Wednesday, 03 February, 1999
By FWi staff
FINSHED cattle continued to score better prices at markets in England and Wales this week, reversing the seasonal trend over the past two years.
Values inched up to average 91.43p/kg – an increase of about 4p on the week.
Cattle were in short supply and the trade was good, said auctioneer Bill Abbott of Winslow market, Buckinghamshire.
Supply was down by as much as 30% which helped values rise by 2p/kg at the market on Monday.
“In the last couple of years prices fell every day following Christmas, but this year they rose at the Christmas shows and have continued every week since,” Said Mr Abbott.
He put the shortage of numbers down to the large number of steers in retention, putting a seasonal shortage on numbers.
But these could come on to the market at the end of the month, and a rush of cattle could ease prices, he warned.

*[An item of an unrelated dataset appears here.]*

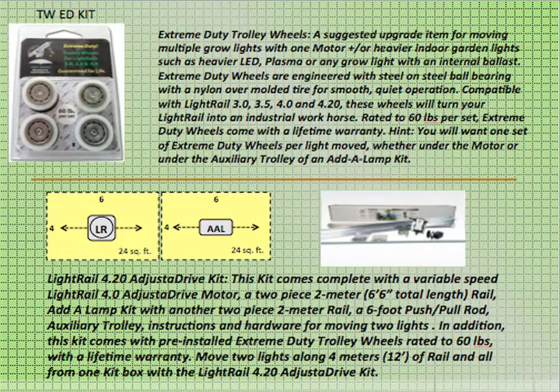Extreme Duty Trolley Wheels are a suggested upgrade item for moving multiple grow lights with one motor and/or heavier indoor garden lights, such as a heavier LED, plasma, or any grow light with an internal ballast. Extreme Duty Wheels are engineered with steel-on-steel ball bearings with a nylon over-molded tire for smooth, quiet operation. Compatible with light rail 3.0, 3.5, 4.0, and 4.20, these wheels will turn your light rail into an industrial workhorse. Rated to 60 pounds per set, Extreme Duty Wheels come with a lifetime warranty. You probably want one set of Extreme Duty Wheels per light moved, whether under the motor or under the auxiliary trolley of an Adalamp kit.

“Things are buoyant,” said Mr Abbott. “Dare we say that we might have turned the corner.”
At Mold market, Flintshire prices were similar to last week, said auctioneer David Lewis.
Cattle are short in numbers, which is the general consensus as to why prices are firm, said Mr Lewis.
But on Monday there was a certain amount of caution due to the Meat Hygiene inspectors strike, he said. “The only problem we had was that we had to lairage some of the cattle.”